Dahinter steht ein Dilemma, vor dem die Seelsorger stehen. Die Fähigkeit der Menschen, die katholischen Riten aktiv mitzufeiern, befindet sich im freien Fall. Das betrifft auch so elementare Bestandteile wie das Vaterunser. Jeder, der regelmäßig mit Beerdigung zu tun hat, kommt nicht umhin, das zu bemerken und muss damit umgehen. Ich erlebe hier bei Kollegen immer wieder eine Hilflosigkeit, die ich gut verstehen kann. Diesen Aspekt nimmt Alina Oehler zu wenig in den Blick.

Rituale brauchen Übung

Rituale setzen Übung voraus. Katholische Liturgie wird gerne als "mystisch" bezeichnet. Was damit gemeint ist, bleibt oft unklar. Unverständlichkeit ist bis zu einem gewissen Grad unvermeidbar, wenn uns beispielsweise biblische Texte bleibend wertvoll sind. Sie ist aber kein Wert an sich.

Es ist eine Stärke der Amtlichkeit von katholischer Liturgie, dass der Amtsträger auch in persona ecclesiae handelt und somit im wahrsten Sinne des Wortes ein Ritual "tragen" kann, weil er es im Namen einer größeren Gemeinschaft tut, auch wenn diese nicht gerade an diesem Ort versammelt ist. Ich erlebe das in der Praxis durchaus als entlastend und verwende darum gerne die vorgegebenen Bücher.

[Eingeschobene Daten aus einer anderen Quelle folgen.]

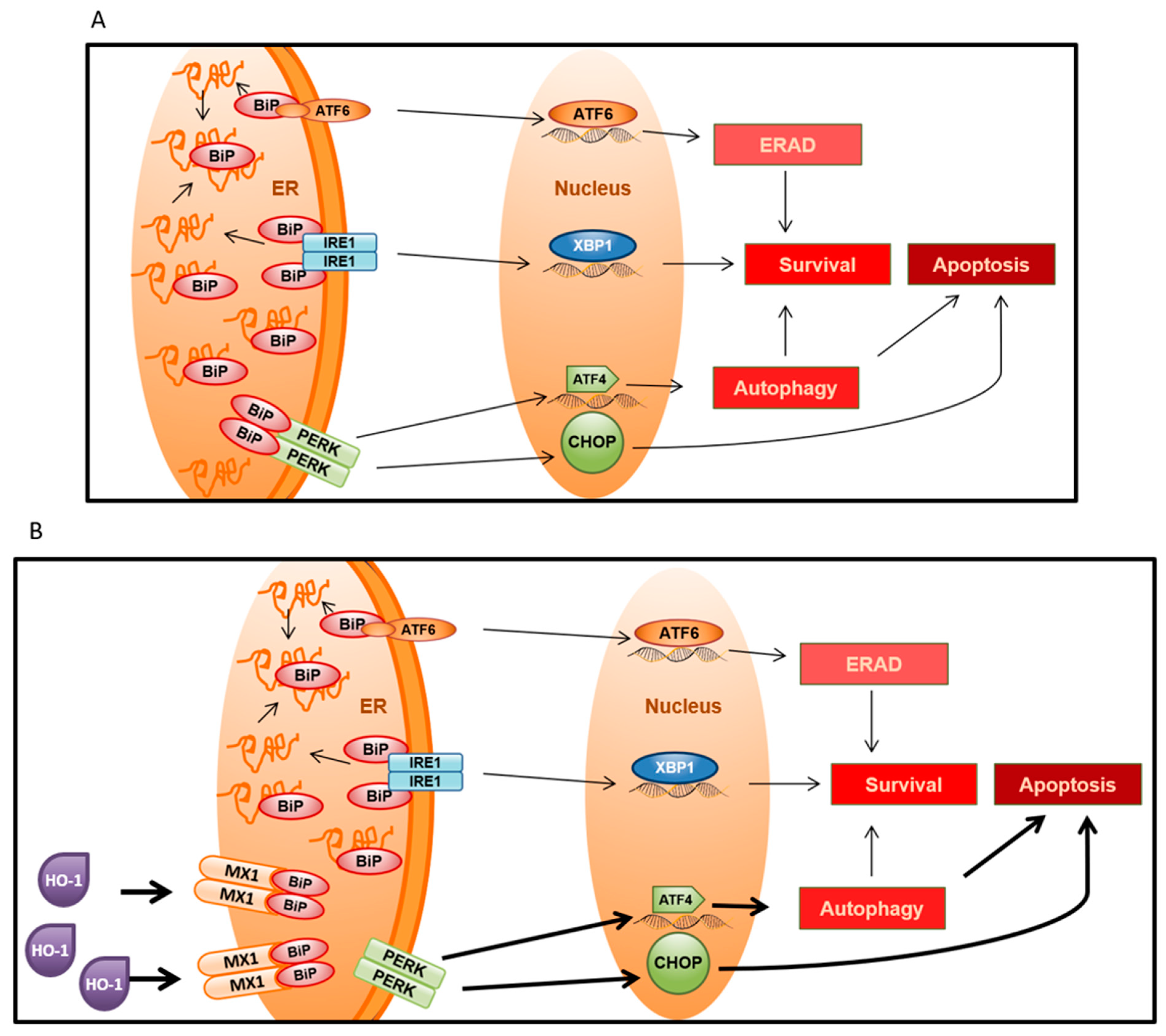 Biomolecules 10 01005 g006 Biomolecules 10 01005 g006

Wer kennt den Rosenkranz, sofern dieser gebetet werden soll? Wer hat den Mut, ihn laut zu sprechen? Wer weiß, wann man sitzt und kniet und was man auf elementare liturgische Formeln antwortet, wenn ein Requiem gewünscht wird? Wer trägt das Kreuz, wenn man diesem so große Bedeutung auf dem letzten Gang zumisst?

Ich sehe den hohen Wert der Eucharistie, den Oehler unterstreicht. In unseren Breitengraden ist das Requiem noch der Regelfall, das ist aber schon in meinem Heimatbistum nicht mehr flächendeckend der Fall. Es ist vielen Priestern wichtig, es zu ermöglichen.

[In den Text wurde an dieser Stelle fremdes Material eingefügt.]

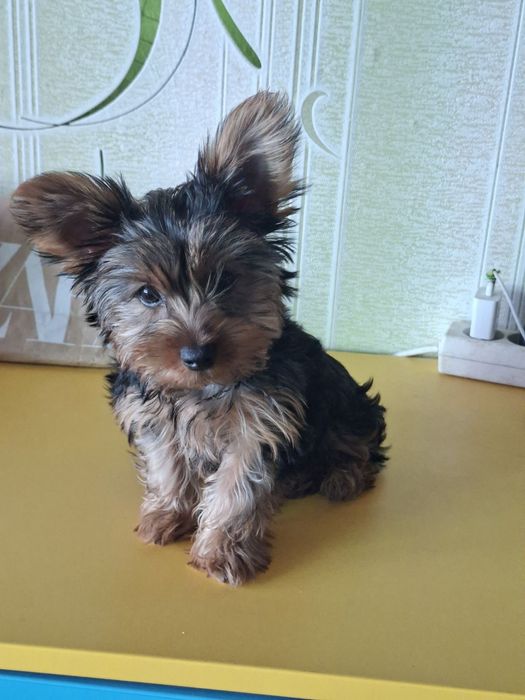 Йоркширски териер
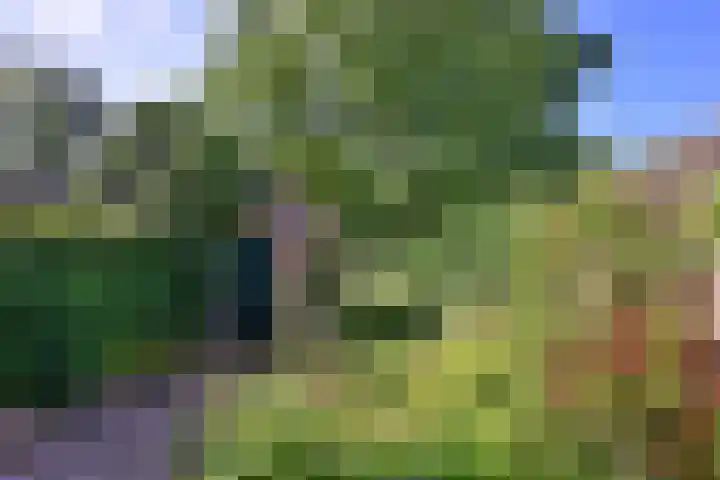 Worp 5 Deventer thumbnail 43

All das kann dennoch nicht losgelöst von den tatsächlichen Möglichkeiten verstanden und durchgeführt werden. Wenn man die aufgezählten Rituale durchgeht, wird das deutlich. Wer kennt den Rosenkranz, sofern dieser gebetet werden soll? Wer hat den Mut, ihn laut zu sprechen? Wer weiß, wann man sitzt und kniet und was man auf elementare liturgische Formeln antwortet, wenn ein Requiem gewünscht wird? Wer trägt das Kreuz, wenn man diesem so große Bedeutung auf dem letzten Gang zumisst?

Was können wir also tun, wenn die "geübten" Mitfeiernden fehlen, ohne gleich den Totalausverkauf zu wählen? Wir dürfen uns jedenfalls nicht mit bloßer Erinnerung an die Biografie des Verstorbenen begnügen. Leben im Tod, Vergebung der Sünden, Vollendung des Abgebrochenen ... Wenn wir diesen inhaltlichen Anspruch aufgeben, sollten wir die Zeremonien besser den Bestattungsunternehmen überlassen.

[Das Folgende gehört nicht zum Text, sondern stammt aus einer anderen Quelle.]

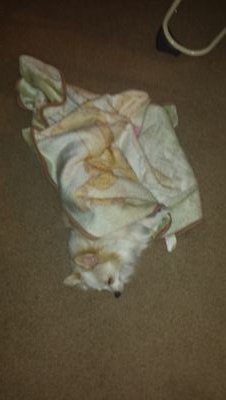 Avatar_Slayer's profile picture. 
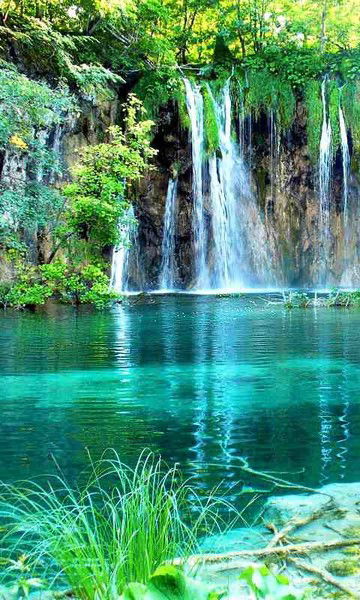 Светлана Дьячкова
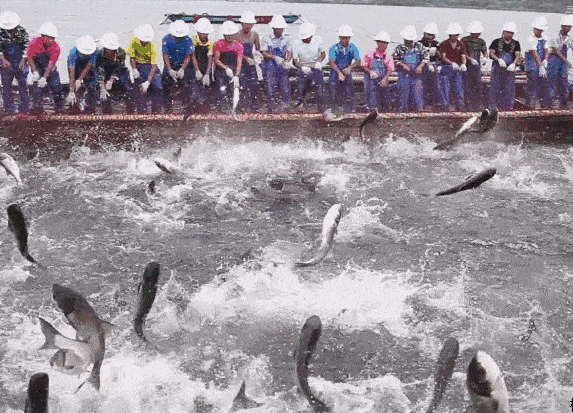 573_413gif 动态图 动图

Außerdem gibt es sehr wohl Menschen, die von der Kirche auch erwarten, dass sie Dinge sagt, vor denen die Welt verstummt oder für die sie keine Sprache hat. Bei der wachsenden Zahl von Beerdigungen durch weniger Personal sollten wir auch diejenigen nicht vergessen, die eine "vollständige" Liturgie wünschen und auch mittragen können.